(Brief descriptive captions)

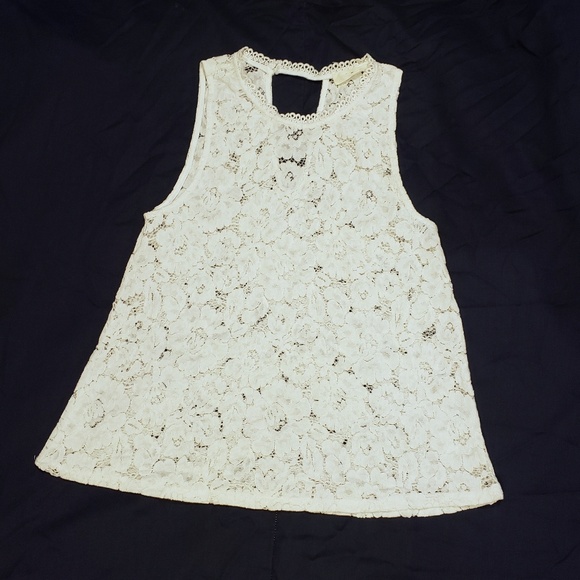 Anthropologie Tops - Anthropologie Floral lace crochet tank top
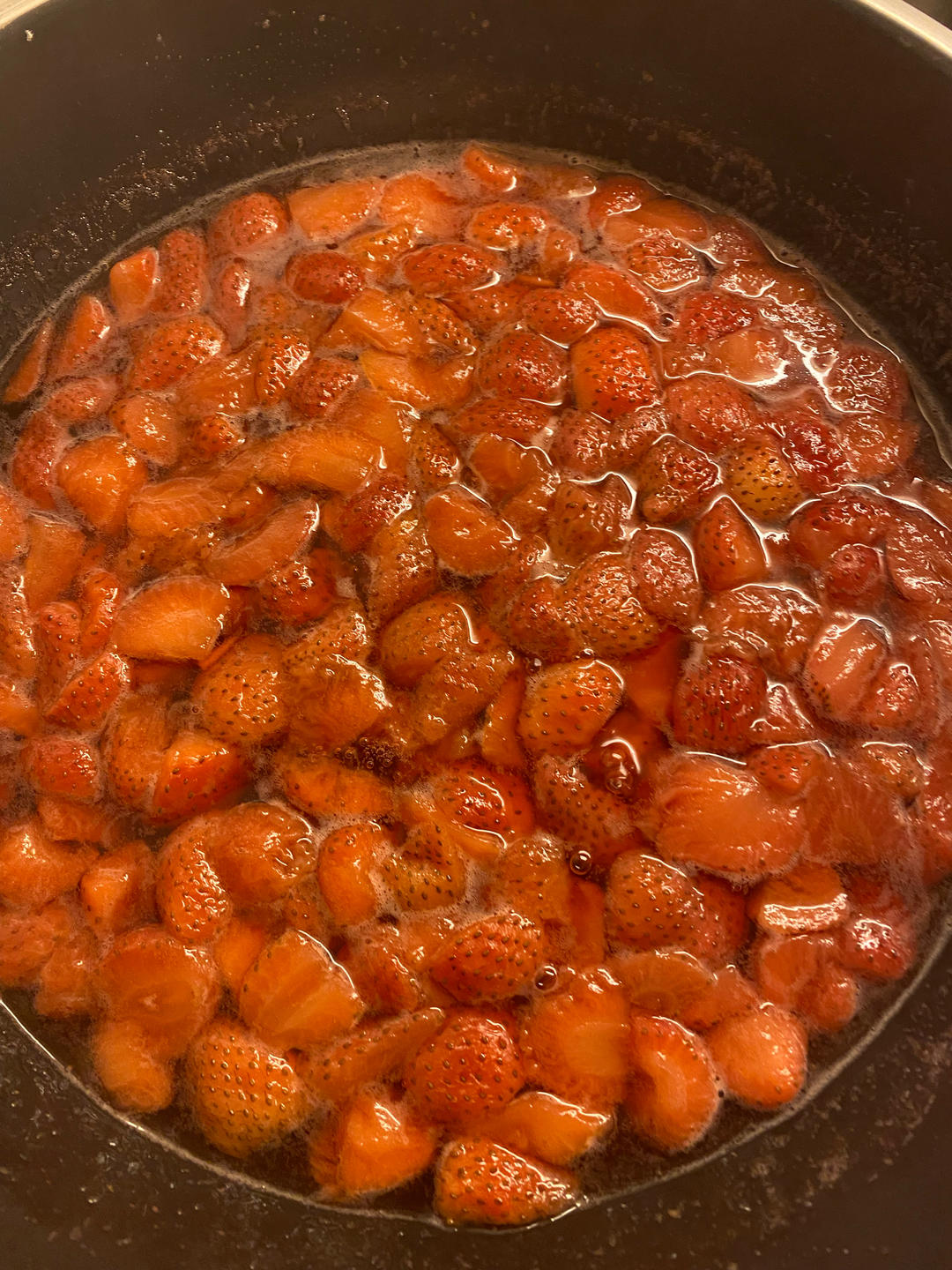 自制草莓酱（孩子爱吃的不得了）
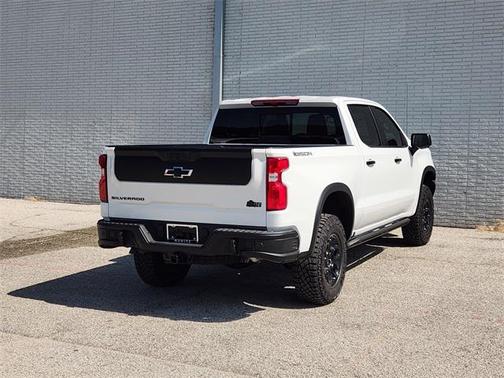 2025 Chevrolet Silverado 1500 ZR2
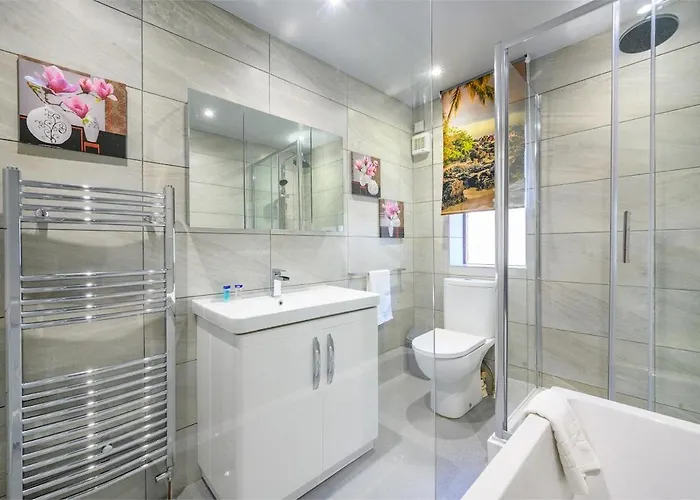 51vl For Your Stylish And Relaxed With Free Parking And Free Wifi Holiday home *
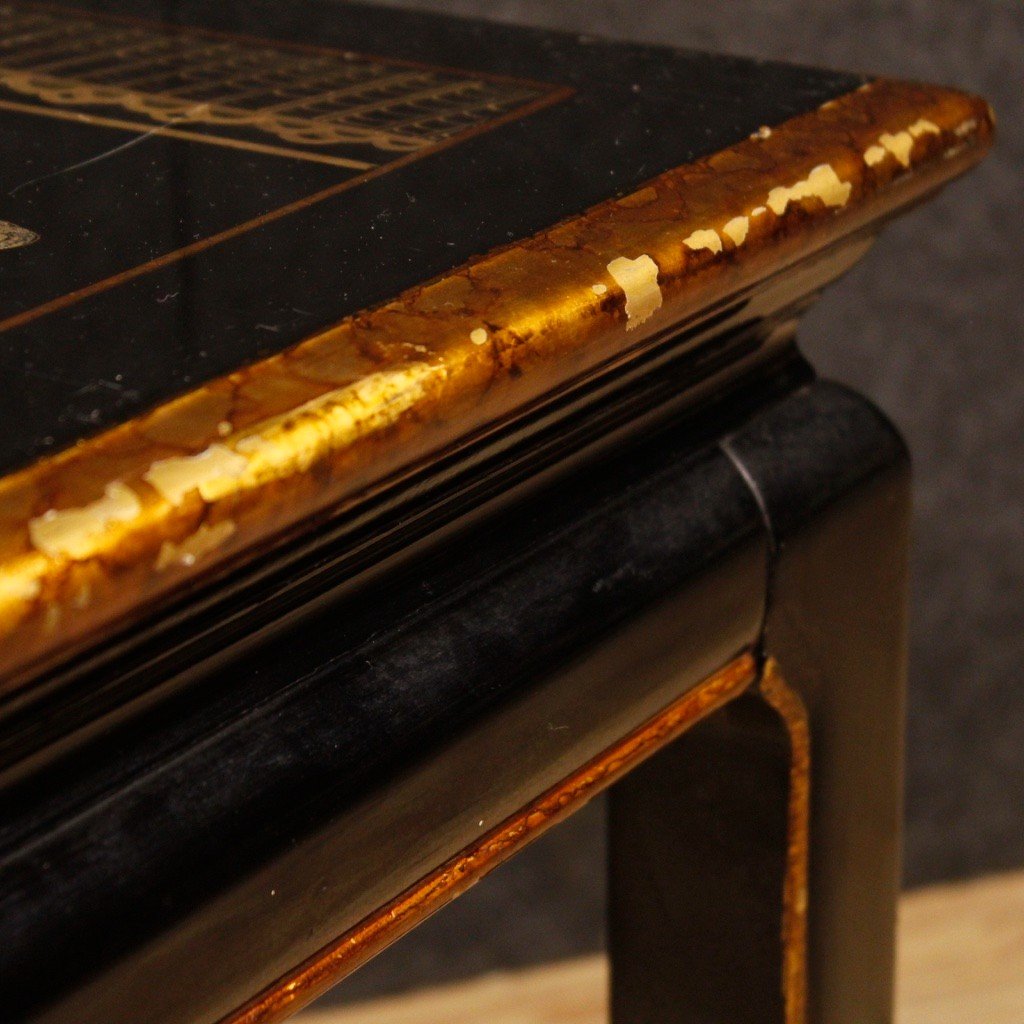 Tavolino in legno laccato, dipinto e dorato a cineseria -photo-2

TASK BRIEF: The result is an exact copy of the lines from the one holding "51vl For Your" through the final line of the data above, both ends included, minus the pictures.

ANSWER SPACE:
 51vl For Your Stylish And Relaxed With Free Parking And Free Wifi Holiday home *
 Tavolino in legno laccato, dipinto e dorato a cineseria -photo-2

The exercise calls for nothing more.